There have always been rumors circulating about bad blood between Nintendo and Square since the two companies’ mutual departure back during the push for the Nintendo 64. Even an interview with Polygon, Square executives and figures couldn’t seem to entirely agree on what went down. However, it does seem that Square Enix is protective of their IPs, especially when looking at them from the context of Cloud in Smash Bros, whose franchise and character seem largely disconnected from the roster. To this day, Cloud’s stage only has two songs. For comparison, SNK’s Terry Bogard came in with a whopping 50 tracks.
Also, given that Paper Mario: The Origami King just released, another RPG title would be redundant and take the spotlight away from Origami King, regardless of the mixed bag it was.

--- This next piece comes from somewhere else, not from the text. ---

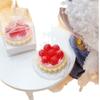 1:12 кукольный домик, миниатюрный клубничный торт на день рождения с прозрачной упаковочной коробкой, кухонная модель, декор, игрушка, аксессуары для кукольного дома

A true return to Super Mario RPG? Unlikely.
Return to Galaxy?
Ever since Mario launched his new adventure into the stars in 2007, fans have always sung praises for the Super Mario Galaxy games. From their sweeping soundtrack, out of this world creativity, and memorable gameplay loops across the planets, the Galaxy games are a testament to sheer power 3D Mario games wield. The world is Mario’s—and by extension, the player’s—jungle gym, and when combined with the polish and charm Nintendo brings to the table, it’s a recipe for unadulterated, whimsical fun.
With that in mind, fans have been hungry for a follow up to Galaxy 2, a title that defied expectations for game sequels. Surely games as celebrated and loved as the Galaxy series would receive a proper sequel.
Nintendo game director Shigeru Miyamoto has touched base on the topic of a Galaxy sequel in an interview in 2015 with Eurogamer.
“A new Mario Galaxy is always in discussion,” Miyamoto said, pointing out that as technology improves, a new Super Mario Galaxy might be more possible. However, Miyamoto also said that he and Yoshiaki Koizumi, producer of the Galaxy games, were always looking to challenge Galaxy and venture into other 3D projects.
He said, “We can’t make so many games at once in parallel. But as technology gets better and advances, I think there will be a lot of opportunity for both options.”
It has been five years since Miyamoto’s comments. Since then, Nintendo has gone on to publish Super Mario Odyssey in 2017, another smash hit title evocative of Mario 64’s freedom in movement and Galaxy’s unfettered creative spirit.
There have been other Mario games in the meantime, but none of Odyssey or Galaxy’s caliber. The 3th anniversary has done a remarkable job of bringing a ton of Mario games onto the Switch. The 3D All-Stars has also brought Mario’s classic 3D escapades onto modern devices without the need of an emulator. Strangely, despite being named “All-Stars”, Galaxy 2 was left out, to the dismay of many.
Why this decision was made is not clear. Perhaps Nintendo is “saving” Galaxy 2 for later when they tease a Galaxy 3 for the Switch or a thematic crossover between Galaxy and Odyssey. To be able to zip across the stars while retaining Odyssey’s myriad of transformations and movement options would be a fantasy dream come true.
Probably not, but this IS Nintendo.
They’re more than capable of doing something crazy like that.